Mało kto wie, że był seryjny, chociaż seria była niewielka, około 250 samochodów, po czym została przerwana. Cała wina to nadmierna waga samochodu - około 60 ton.
Rozwój tego czołgu rozpoczął się w lipcu 1943 r. W zakładzie Czelabińsk Kirowa pod kierownictwem L. Troyanova, a później - M. Balzhi. Na samym początku 1944 roku projektowana maszyna otrzymała indeks „Obiekt 701”, aw marcu 1944 projekt został przekazany do GABTU. Ogólnie projekt spodobał się komisji, aw kwietniu tego samego roku postanowiono przejść na produkcję prototypów.
Obiekt 701 z działem S-34-I.
Główną ideą stworzenia nowego radzieckiego czołgu ciężkiego była idea możliwości zainstalowania na tym pojeździe potężniejszych systemów artyleryjskich niż te na IS-2. Dlatego eksperymentalny Obiekt 701 został wykonany od razu w trzech wersjach z różnymi działami: D-25T, C-34-II i 100-mm działo dużej mocy C-34-I.
Obiekt 701 z działem S-34-II.
Maszyny testowano do jesieni 1944 roku. I jak zwykle ujawnił wiele wad konstrukcyjnych. Pojazd miał jednak również jedną niepodważalną zaletę: jego przedni pancerz o grubości 160 mm nie mógł zostać przebity przez żaden czołg ani działo przeciwpancerne produkcji radzieckiej ani niemieckiej. Spośród systemów uzbrojenia najlepsza okazała się armata 122 m S-34-II.
Pod koniec 1944 roku wyprodukowano dwa kolejne samochody, na których zainstalowano zmodernizowaną skrzynię biegów. Po przetestowaniu tych pojazdów uznano, że czołg jest gotowy do masowej produkcji. Pozostało tylko zdecydować, z jakiej broni go wypuścić.
IS-4 w Kubince.
Co dziwne, działo C-34-II nigdy nie było zalecane do montażu w pojeździe produkcyjnym. Zwyciężył punkt widzenia, że już opanowane w produkcji działo 122 mm D-25T wystarczy do rozwiązania zadań, jakie stoją teraz przed siłami czołgów, a do uzbrojenia czołgu ciężkiego nowej generacji konieczne jest przejście na 130 mm a nawet działa 152 mm (próbę zainstalowania armaty 130 mm podjęto na IS-7).

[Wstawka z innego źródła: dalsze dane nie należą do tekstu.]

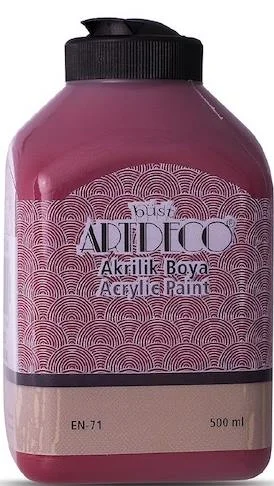 ARTDECO AKRİLİK BOYA 500 ML BORDO Y-070L-3643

IS-4 na poligonie testowym gdzieś na Dalekim Wschodzie.
W kwietniu 1945 czołg został oddany do użytku i wprowadzony do masowej produkcji pod oznaczeniem IS-4. Kadłub pojazdu został spawany, a wieża odlana ze zmienną grubością pancerza. Oprócz wspomnianej armaty 122 mm D-25T uzbrojenie zawierało sprzężony z nim karabin maszynowy 12,7 mm. Ten sam karabin maszynowy został zainstalowany jako działko przeciwlotnicze na wieży nad włazem ładowniczego. Jedną z cech pojazdu był oryginalny magazyn amunicji. W IS-4 łuski umieszczono w specjalnych metalowych kasetach, co widać wyraźnie na zdjęciu. Czołg posiadał przekładnię planetarną, indywidualne zawieszenie drążka skrętnego. Załoga czołgu liczyła 4 osoby. Silnik napędzany był silnikiem wysokoprężnym V-12 o mocy 750 KM. Z tym silnikiem na autostradzie czołg mógł rozpędzić się do 43 km/h.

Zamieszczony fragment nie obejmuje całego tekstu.